Накануне революционных событий она усердно занималась хозяйством, отвлекаясь тем самым (как она сама сознавала) от "настоящего". "Я суечусь, суечусь днями, - будто так должна проходить жизнь, - писала она Блоку в августе 1916 года - [...] И все это более призрачно, чем самый забытый сон". "И жизнь впустую идет, - продолжала она два месяца спустя, - и эти жизненные ценности - побрякушки какие-то. Знаю, знаю и помню всё время, что они только прикрывают настоящее. Но если у меня есть земные глаза, то они хотят видеть то, что им доступно, и уши мои земные должны земное слушать. Так что зная о том, другом, хотя его знала, здесь не могла видеть". К тем же мыслям она вернулась в ноябрьском письме: "Вот наряду с тишиной идут какие-то нелепые дела, закладываю имение, покупаю мельницу, и кручусь, кручусь без конца. Всего нелепее, что вся эта чепуха называется словом "жить". А на самом деле жизнь идет совсем в другой плоскости и не нуждается во всей этой суете. В ней всё тихо и торжественно". Родственнику, посетившему ее весной 1917 года, она казалась "чем-то озабоченной, удрученной и точно потерянной". Но новые обязанности вскоре положили конец ее мелким заботам и вытеснили всякую потерянность. От своеобразного квиетизма, которым соблазнялись многие ее современники ("последние римляне"), не осталось и следа.
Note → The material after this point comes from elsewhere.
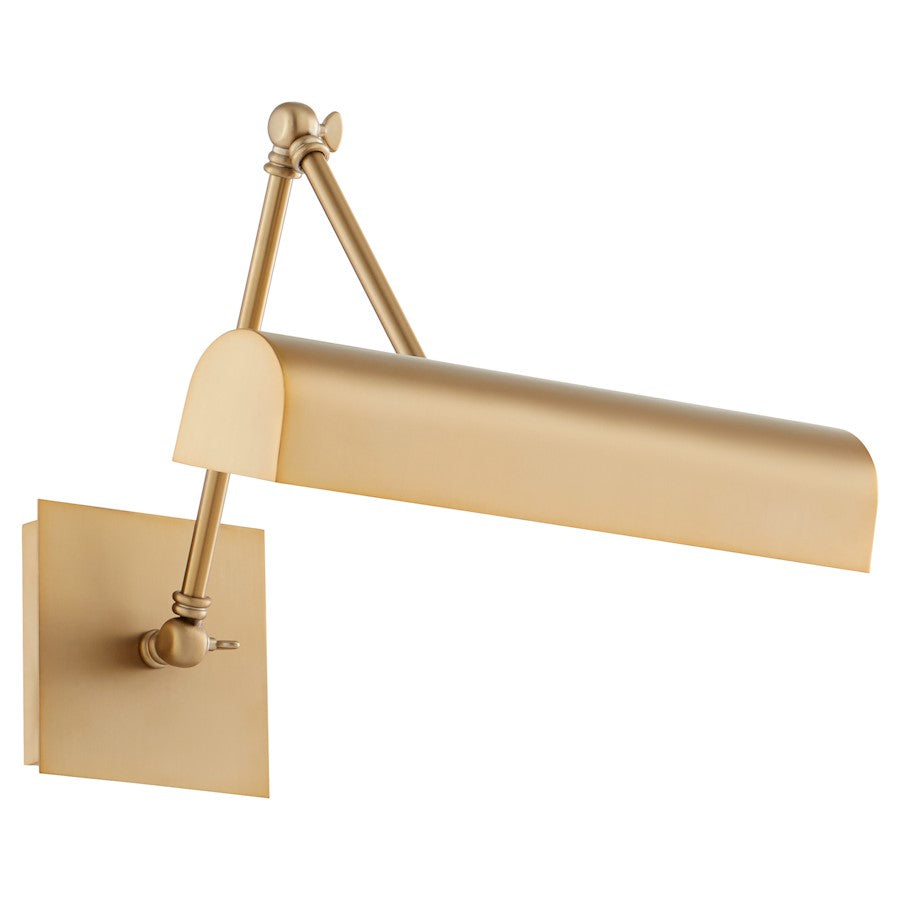 Quorum 15" Gooseneck Picture Light, Aged Brass - 411-15-80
Путем неонароднического служения народу (наконец, то служение, о котором она мечтала десять лет тому назад) она окончательно убедилась, насколько первая евангельская заповедь связана со второй. "Нет сомнения в призвании христианина к социальной работе, - писала она потом. - Он призван организовать лучшую жизнь трудящихся, обеспечить старых, строить больницы, заботиться о детях, бороться с эксплуатацией, несправедливостью, нуждой, беззаконием [...]. Аскетические правила тут просты, не дают [...] никакого простора мистическому вдохновению, ограничиваются подчас лишь будничной работой и ответственностью".
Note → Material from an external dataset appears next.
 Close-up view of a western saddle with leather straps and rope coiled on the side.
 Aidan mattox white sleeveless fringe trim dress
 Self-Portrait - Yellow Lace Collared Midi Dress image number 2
Такой работой заполнилась ее жизнь после революционных событий 1917-го года - в то время когда она вошла в партию социалистов-революционеров. К концу февраля 1918 года ее избрали товарищем городского головы Анапы. Так как городской голова почти одновременно подал в отставку, она сразу же стала его преемницей. "Приходилось на свой страх и риск вырабатывать линию поведения, - писала она. - Главными моими задачами были - защищать от полного разрушения культурные ценности города, способствовать возможно более нормальной жизни граждан и при необходимости отстаивать их от расстрелов, "морских ванн" и пр. Это были достаточно боевые задачи, создававшие иногда совершенно невозможные положения. А за всем этим шла ежедневная жизнь с ее ежедневными заботами, количество которых, правда, постепенно уменьшалось, так как большевики всё прочнее захватывали власть и к нам обращалось всё меньше народа".
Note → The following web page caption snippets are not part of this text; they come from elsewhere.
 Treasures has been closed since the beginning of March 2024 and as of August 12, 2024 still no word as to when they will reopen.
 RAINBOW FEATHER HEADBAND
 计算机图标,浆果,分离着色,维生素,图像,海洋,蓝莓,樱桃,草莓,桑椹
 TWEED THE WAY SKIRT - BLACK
Однако с представителем местного Совета, большевиком Протаповым, у нее установились скорее товарищеские отношения. Она писала: "Мое положение было достаточно прочным, и я могла многого добиваться, главным образом потому, что я женщина. Объяснить это можно различно. На мой взгляд, это объясняется тем, что большевистски настроенная масса в самом факте существования городского головы-женщины видела явную революционность, такое сильное отречение от привычек старого режима, что как бы до известной степени самим фактом этим покрывались с большевистской точки зрения контреволюционные мои выступления. Я была, так сказать, порождением революции - и потому со мной надо было считаться. С другой стороны, мне прощалось многое, что большевики не простили бы ни одному мужчине [...], и, наконец, третьим элементом в их отношении ко мне была просто уверенность, что я достаточно смела [...]. Фактически, это могло так казаться благодаря тому, что только таким образом можно было работать. Если я в результате какого-нибудь спора с Советом чувствовала, что дело идет к моему аресту, я заявляла: "Я добьюсь, что вы меня арестуете", - на что горячий и романтический Протапов кричал: "Никогда! Это означало бы, что мы вас боимся".